Tucked at the western end of the Ande Mountains, Colombia’s Coffee Triangle is one of the most biodiverse regions in the world and a Unesco-designated World Heritage Site.

The region produces the most arabica beans in the world and has the third-highest coffee production in the world after Brazil and Vietnam. Historically, most of the country’s coffee has been exported, but a growing appreciation among Colombia’s millennial population as well as an increase in domestic coffee tourism has led to more coffee shops and plantation tours being offered throughout the region.

Colombia’s Coffee Triangle is also home to some of the country’s most magnificent interior landscapes, minus the crowds one might find in big cities like Medellin or Cartagena. The region is made up of three departments, Quindio, Risaralda, and Caldas, where the majority of the country’s coffee is produced.

Nestled within these departments are small towns where, despite the added dose of caffeine, life moves at a slower pace. There’s even a National Coffee theme park, complete with amusement rides, a coffee garden, coffee-themed food and drink, a museum that details the history of coffee production in the region, and two gondola lifts that provide views of coffee plantations below.

If you’re planning a trip to Colombia, it’s worth it to depart from the popular tourist track and put these coffee capitals on your itinerary.

A person pours a tablespoon of coffee beans into a metal coffee grinder to make fresh Colombian coffee. They are wearing a white t-shirt and red vest, the photo is a close up so we can only see their arm and torso.
Coffee bean grinder at Finca El Ocaso in Salento © Kris Davidson / Lonely Planet


Tucked behind verdant mountains less than an hour drive from Quindio's capital, Armenia, is Salento, the most popular stop along Colombia’s coffee corridor. As one of the oldest towns in Quindio, Salento flaunts colorful Spanish architecture and a cobblestone central plaza where jeeps arrive every twenty minutes or so to take adventurous travelers to the nearby Cocora Valley.

The palms in Cocora Valley are the tallest in the world and one of the reasons why Salento has emerged as a favorite coffee capital in the South American country. Coffee plantation tours, horseback rides, and local hikes also draw tourists to this destination. Plan your trip during the week if you want to avoid crowds.

A person looks up toward the tops of wax palms, with foggy mountains in the background
The Quindian wax palms in Valle de Cocora, Colombia are some of the tallest palms in the world © Kris Davidson / Lonely Planet


Located at the northern edge of Colombia’s Eje Cafetero, or coffee axis, is Manizales, the mid-sized capital of the Caldas department. Bordered by mountains on all sides, Manizales promotes plenty of nature activities and a growing nightlife scene. Travelers can book accommodations on coffee farms, go bird-watching in nearby cloud forests, or take in the picturesque valley on a cable car ride.

In the first week of January, the town hosts their annual Feria de Manizales, which is inspired by both Spanish and Colombian traditions.

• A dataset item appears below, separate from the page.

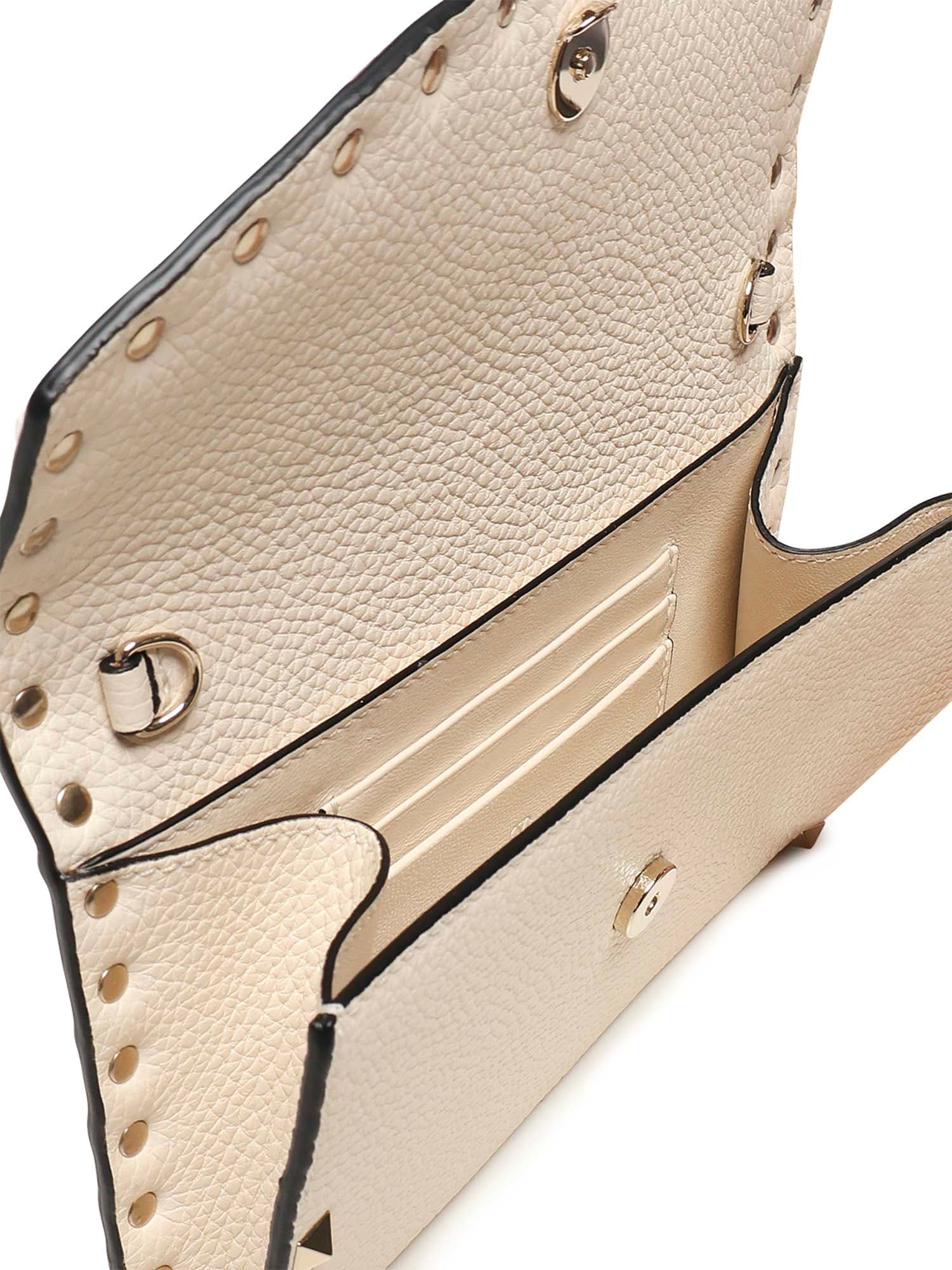 Valentino Garavani Rockstud Leather Wallet With Chain - Light Ivory - Image 4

Celebrations include parades, live music, traditional dances, food, as well as the controversial sport of bullfighting.


Often bypassed by travelers is the humble town of Pijao tucked within the Quindio department. Only 19km outside of Armenia, Pijao has a unique culture that takes inspiration from the slow travel movement. Slow travel favors an unhurried approach to sight-seeing, encouraging travelers to stop and savor local cultures.

Pijao is often described as a smaller, calmer Salento, but that doesn’t mean that the town doesn’t have its own attractions to impress visitors. In addition to coffee farm tours, outdoor enthusiasts will appreciate hiking local waterfalls and rafting on the nearby Rio de la Vieja. Head to Pijao in September and sample local flavors at their Coffee, Food, and Cultural Festival.

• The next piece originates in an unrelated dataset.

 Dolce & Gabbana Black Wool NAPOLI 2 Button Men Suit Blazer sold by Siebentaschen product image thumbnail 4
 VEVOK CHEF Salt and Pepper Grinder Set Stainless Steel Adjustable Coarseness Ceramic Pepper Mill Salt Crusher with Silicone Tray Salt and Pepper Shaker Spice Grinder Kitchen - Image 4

A cup of Colombian coffee with a treble clef drawn into the foam
The flavor of Colombian coffee is described as having mellow acidity with a caramel sweetness © Danielle Dorsey / Lonely Planet


Located just outside of Armenia is the charming town of Calarcá, a growing hotspot for ecotourism. Local cliffs offer opportunities for rock climbing and rappelling and stunning waterfall hikes. Visit the nearby botanical garden and butterfly farm which is home to 1,200 species of butterflies native to Colombia.

Every year the town hosts a National Coffee Festival where tourists can taste test different beans and take part in a Yipao parade, which celebrates the Jeeps (or Willys as they’re known locally) that farmers rely on for transporting cargo. ‘Yipao’ refers to a fully-loaded Willy and during the parade locals pile on their possessions before driving them down the main streets. The festival usually takes place in June or July.


If neighboring Salento proves too packed for you, head to Fillandia to enjoy similar amenities without the crowds. The town’s lookout provides pictorial scenery of the Cauca River Valley and on a clear day it’s possible to see the cities of Pereira and Armenia in the distance. The sleepy village is home to Helena Adentro, one of the most acclaimed restaurants in the Coffee Triangle which boasts a changing menu with seasonal ingredients.

Jeep rides to the Cocora Valley are a popular excursion from Fillandia, or you can rent a bike for a self-guided tour of the local coffee plantations that stretch for miles. Ask locals about the rumored double waterfall; the natural wonder sits on private land, but the owners are happy to share it with passing tourists.